MOSS‑SoundEffect: MOSS-SoundEffect is a high-fidelity text-to-sound model with broad category coverage and controllable duration for real content production. It generates stable audio from prompts across ambience, urban scenes, creatures, human actions, and music-like clips for film, games, interactive media, and data synthesis.
MOSS‑TTS‑Realtime: MOSS-TTS-Realtime is a context-aware, multi-turn streaming TTS model for real-time voice agents. By conditioning on dialogue history across both text and prior user acoustics, it delivers low-latency synthesis with coherent, consistent voice responses across turns.

Released Models

Model	Architecture	Size	Model Card	Hugging Face
MOSS-TTS	MossTTSDelay	8B	moss_tts_model_card.md	🤗 Huggingface
	MossTTSLocal	1.7B	moss_tts_model_card.md	🤗 Huggingface
MOSS‑TTSD‑V1.0	MossTTSDelay	8B	moss_ttsd_model_card.md	🤗 Huggingface
MOSS‑VoiceGenerator	MossTTSDelay	1.7B	moss_voice_generator_model_card.md	🤗 Huggingface
MOSS‑SoundEffect	MossTTSDelay	8B	moss_sound_effect_model_card.md	🤗 Huggingface
MOSS‑TTS‑Realtime	MossTTSRealtime	1.7B	moss_tts_realtime_model_card.md	🤗 Huggingface

MOSS-SoundEffect

MOSS-SoundEffect is the environment sound & sound effect generation model in the MOSS‑TTS Family.

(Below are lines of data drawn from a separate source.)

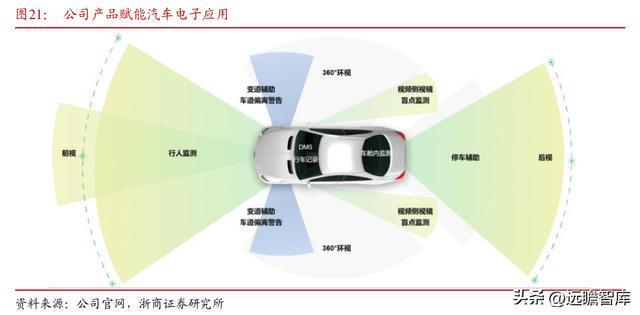 IM电竞 IM电竞app全球安防 CIS 龙头思特威：市场广阔能力延伸打造第二增长曲线(图23)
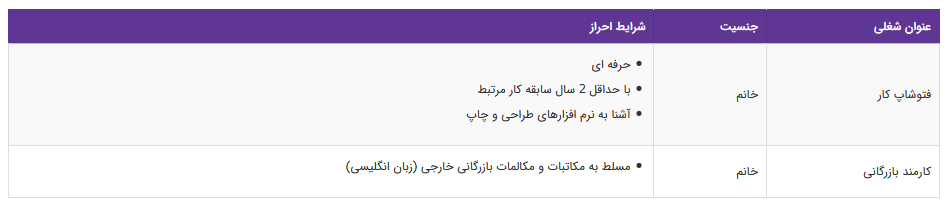 استخدام ۲ عنوان شغلی در یک شرکت بازرگانی معتبر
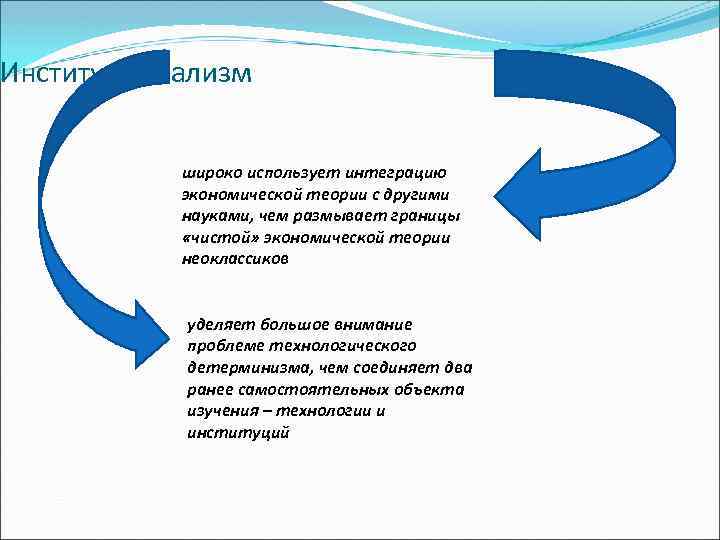 Институционализм широко использует интеграцию экономической теории с другими науками, чем размывает границы «чистой» экономической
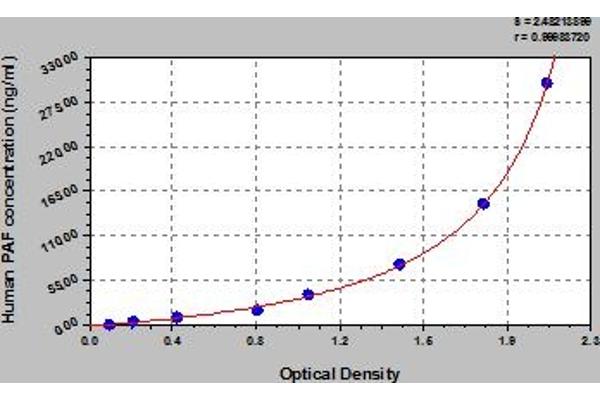 Platelet activating factor (PAF) ELISA Kit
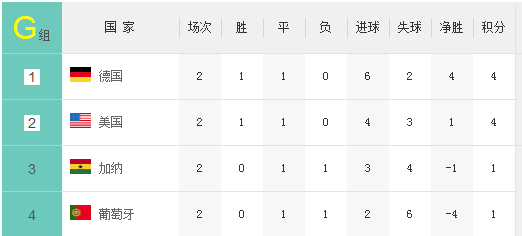 出线分析:意大利打平即晋级 葡萄牙命悬一线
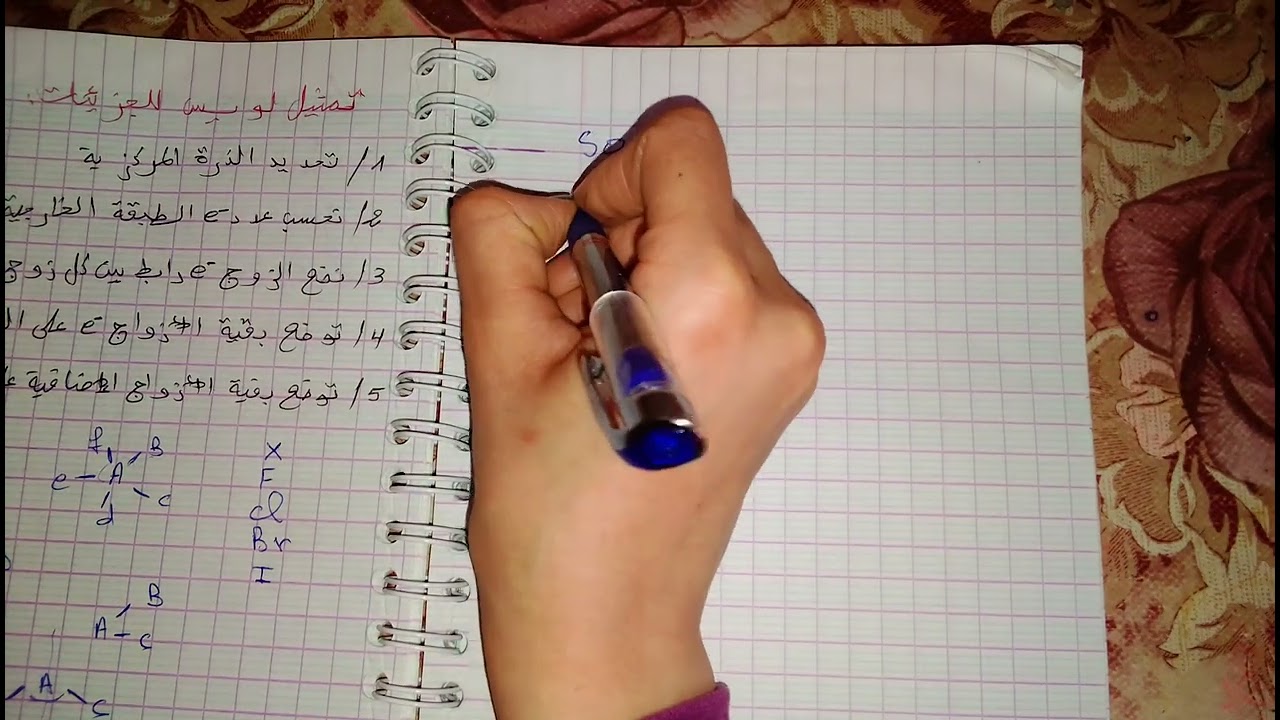 تمثيل لويس للجزيئات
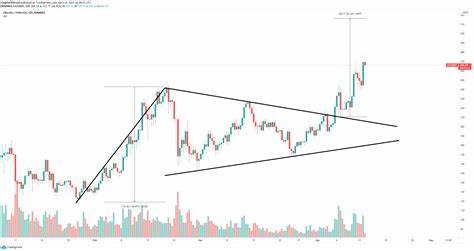Litecoin Price Prediction In February; Why LTC Could Hit $400 In 2025 & All Things You Need To Know about Latest Panshibi Meme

It generates ambient soundscapes and concrete sound effects directly from text descriptions, and is designed to complement speech content with immersive context in production workflows.

1. Overview

1.1 TTS Family Positioning

MOSS-SoundEffect is designed as an audio generation backbone for creating high-fidelity environmental and action sounds from text, serving both scalable content pipelines and a strong research baseline for controllable audio generation.

Design goals

Coverage & richness: broad sound taxonomy with layered ambience and realistic texture
Composability: easy integration into creative pipelines (games/film/tools) and synthetic data generation setups

1.2 Key Capabilities

MOSS‑SoundEffect focuses on contextual audio completion beyond speech, enabling creators and systems to enrich scenes with believable acoustic environments and action‑level cues.

What it can generate

Natural environments: e.g., “fresh snow crunching under footsteps.”
Urban environments: e.g., “a sports car roaring past on the highway.”
Animals & creatures: e.g., “early morning park with birds chirping in a quiet atmosphere.”
Human actions: e.g., “clear footsteps echoing on concrete at a steady rhythm.”

Why it matters

Completes scene immersion for narrative content, film/TV, documentaries, games, and podcasts.
Supports voice agents and interactive systems that need ambient context, not just speech.
Acts as the sound‑design layer of the MOSS‑TTS Family’s end‑to‑end workflow.

1.3 Model Architecture

MOSS-SoundEffect employs the MossTTSDelay architecture (see moss_tts_delay/README.md), reusing the same discrete token generation backbone for audio synthesis. A text prompt (optionally with simple control tags such as duration) is tokenized and fed into the Delay-pattern autoregressive model to predict RVQ audio tokens over time. The generated tokens are then decoded by the audio tokenizer/vocoder to produce high-fidelity sound effects, enabling consistent quality and controllable length across diverse SFX categories.

1.4 Released Models

Recommended decoding hyperparameters

Model	audio_temperature	audio_top_p	audio_top_k	audio_repetition_penalty
MOSS-SoundEffect	1.5	0.6	50	1.2

2. Quick Start

Environment Setup

We recommend a clean, isolated Python environment with Transformers 5.0.0 to avoid dependency conflicts.

Bash

conda create -n moss-tts python=3.12 -y
conda activate moss-tts

Install all required dependencies:

Bash

git clone https://github.com/OpenMOSS/MOSS-TTS.git
cd MOSS-TTS
pip install --extra-index-url https://download.pytorch.org/whl/cu128 -e .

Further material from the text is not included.